_Description of the task_:
Among the records below, find the line with "A good lateral" and the line with "Question 7: The". Set down both and every line between, exactly and with no pictures, but nothing else.

_Source records_:
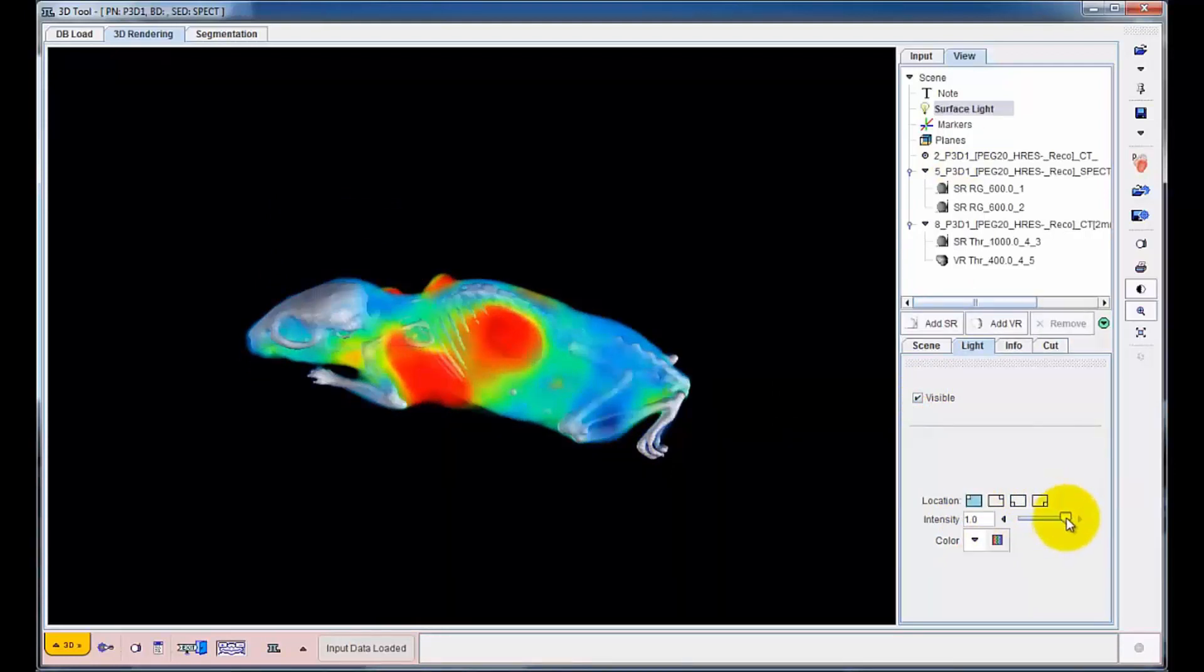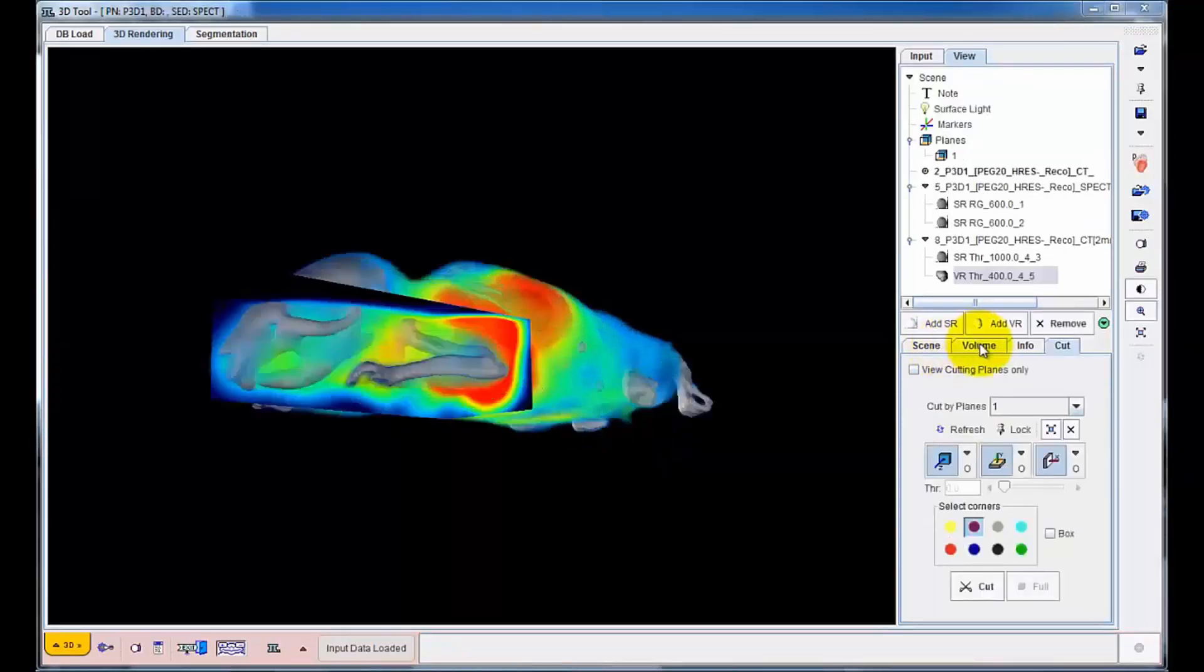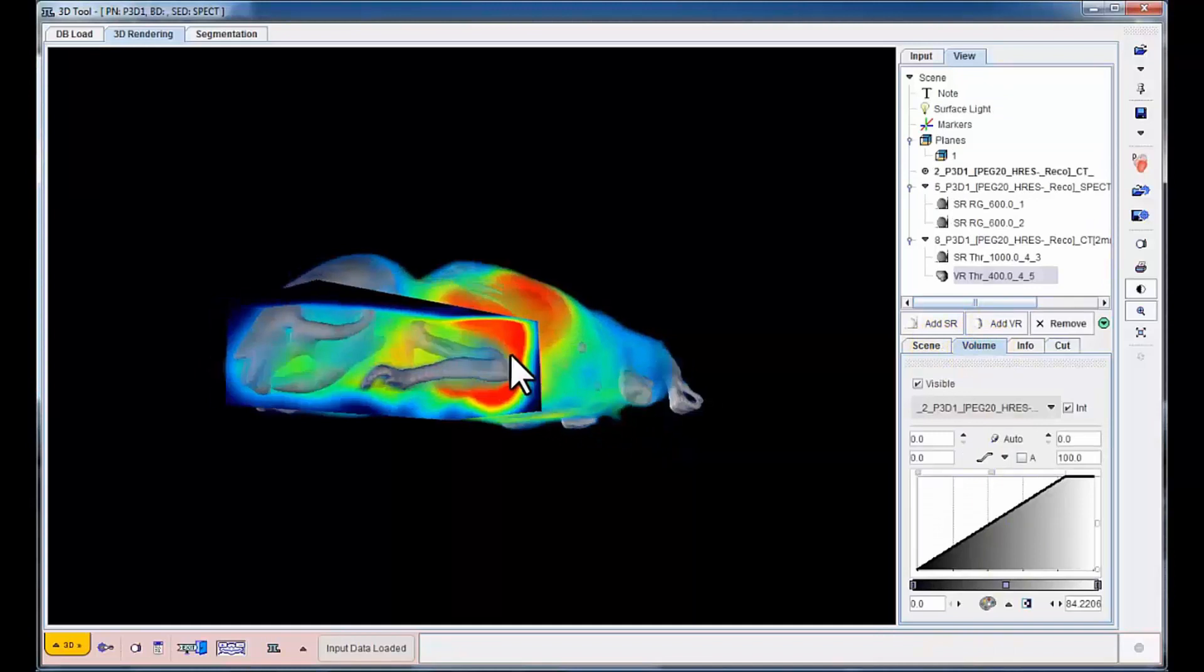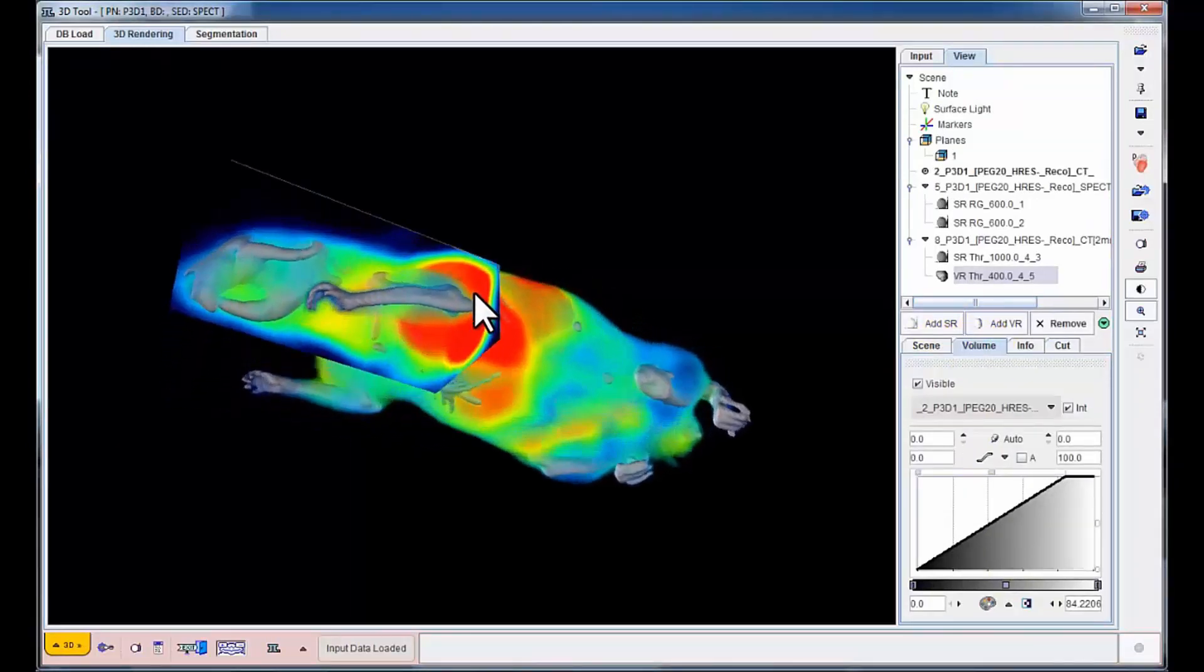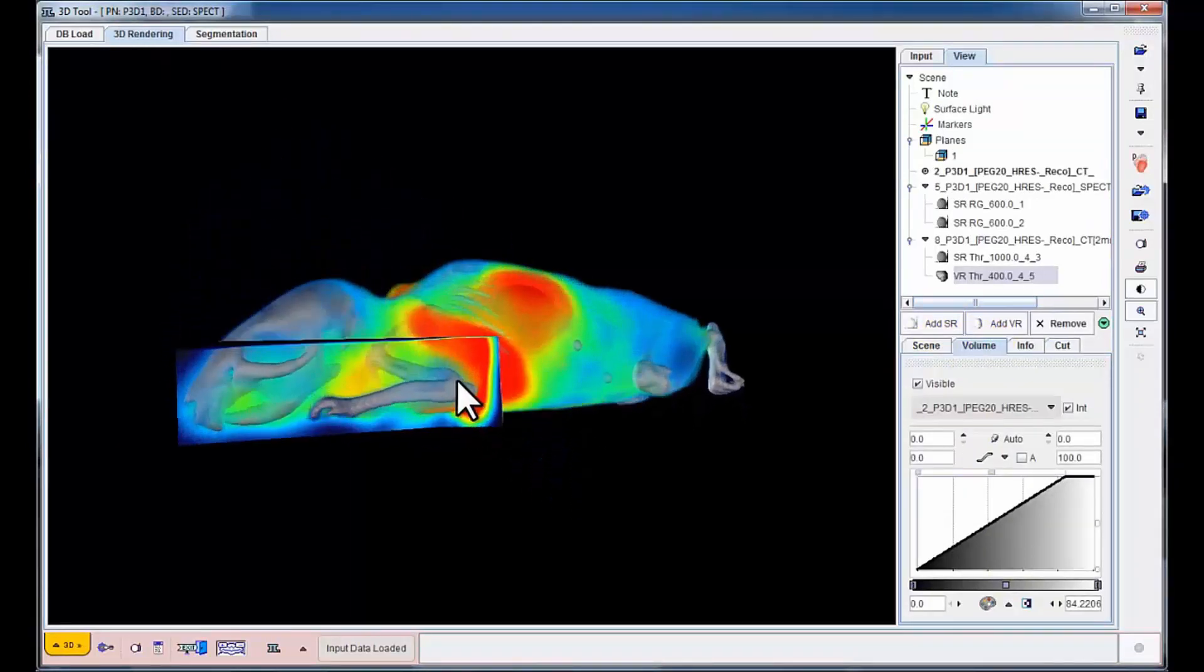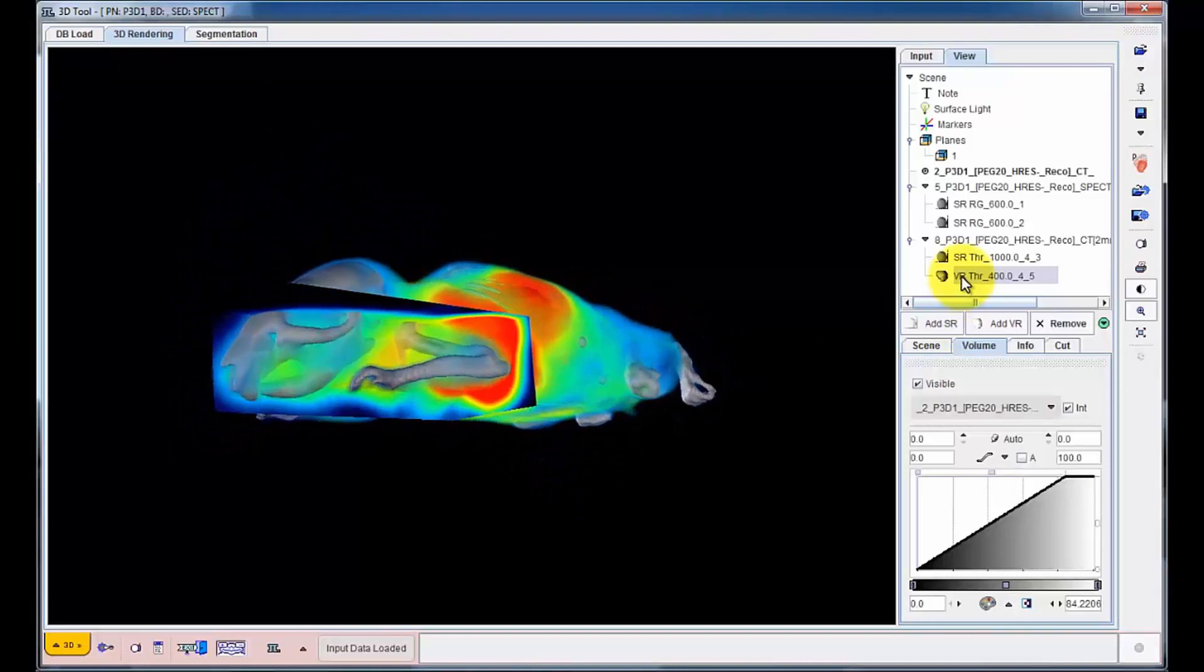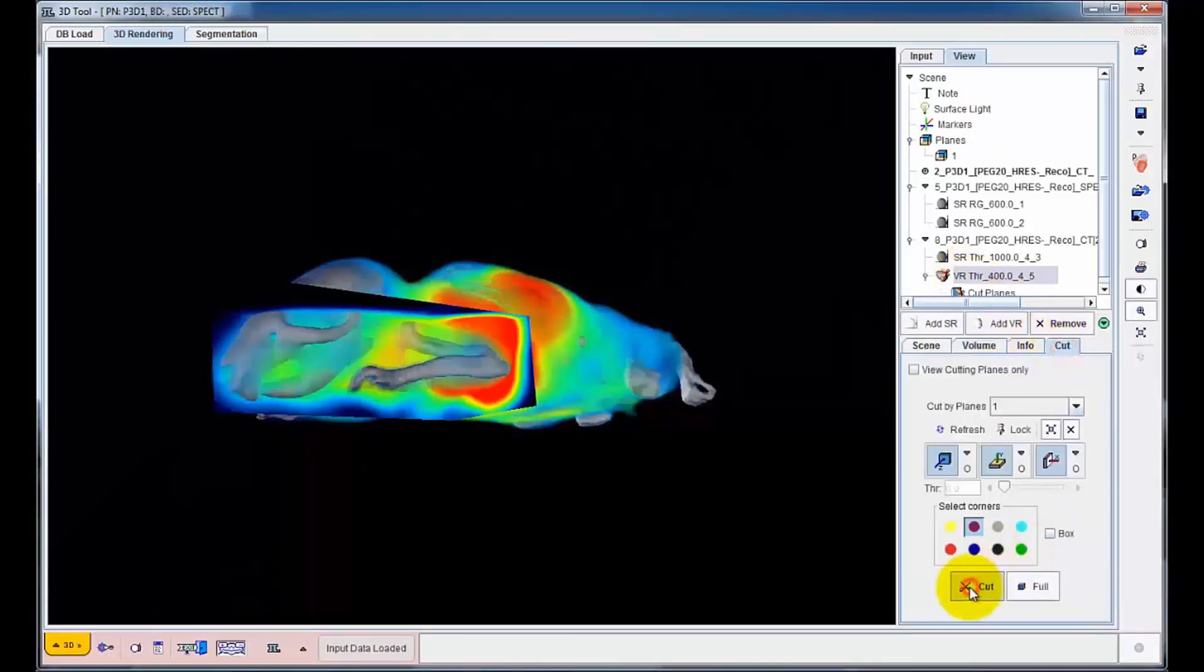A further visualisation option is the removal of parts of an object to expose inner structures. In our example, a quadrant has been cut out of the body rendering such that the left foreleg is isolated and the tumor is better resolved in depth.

--

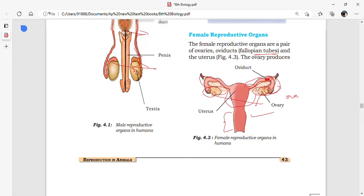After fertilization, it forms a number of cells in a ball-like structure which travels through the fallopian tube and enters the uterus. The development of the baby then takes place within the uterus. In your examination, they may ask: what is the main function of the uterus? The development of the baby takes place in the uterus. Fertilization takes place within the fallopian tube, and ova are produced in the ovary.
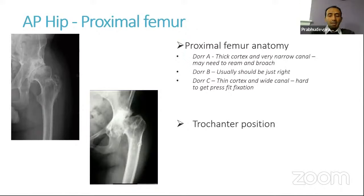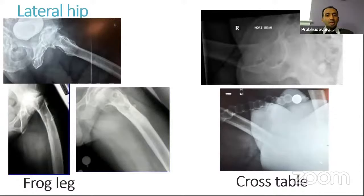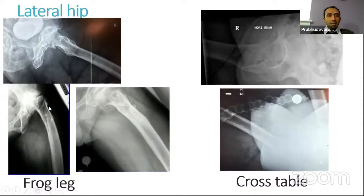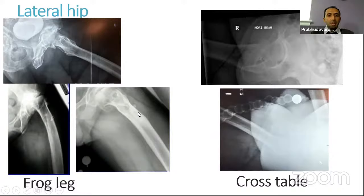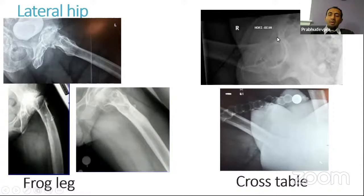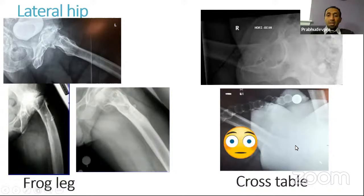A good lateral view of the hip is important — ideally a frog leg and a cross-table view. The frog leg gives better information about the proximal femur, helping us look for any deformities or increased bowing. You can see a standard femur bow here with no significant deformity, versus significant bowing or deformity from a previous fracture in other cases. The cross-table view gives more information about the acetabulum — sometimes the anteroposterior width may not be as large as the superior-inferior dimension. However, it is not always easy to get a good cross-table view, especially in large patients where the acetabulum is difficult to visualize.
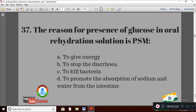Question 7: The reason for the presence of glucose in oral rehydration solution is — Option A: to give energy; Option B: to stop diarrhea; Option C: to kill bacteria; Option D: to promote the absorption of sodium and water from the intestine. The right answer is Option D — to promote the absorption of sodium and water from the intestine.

_Answer below_:
A good lateral view of the hip is important — ideally a frog leg and a cross-table view. The frog leg gives better information about the proximal femur, helping us look for any deformities or increased bowing. You can see a standard femur bow here with no significant deformity, versus significant bowing or deformity from a previous fracture in other cases. The cross-table view gives more information about the acetabulum — sometimes the anteroposterior width may not be as large as the superior-inferior dimension. However, it is not always easy to get a good cross-table view, especially in large patients where the acetabulum is difficult to visualize.
Question 7: The reason for the presence of glucose in oral rehydration solution is — Option A: to give energy; Option B: to stop diarrhea; Option C: to kill bacteria; Option D: to promote the absorption of sodium and water from the intestine. The right answer is Option D — to promote the absorption of sodium and water from the intestine.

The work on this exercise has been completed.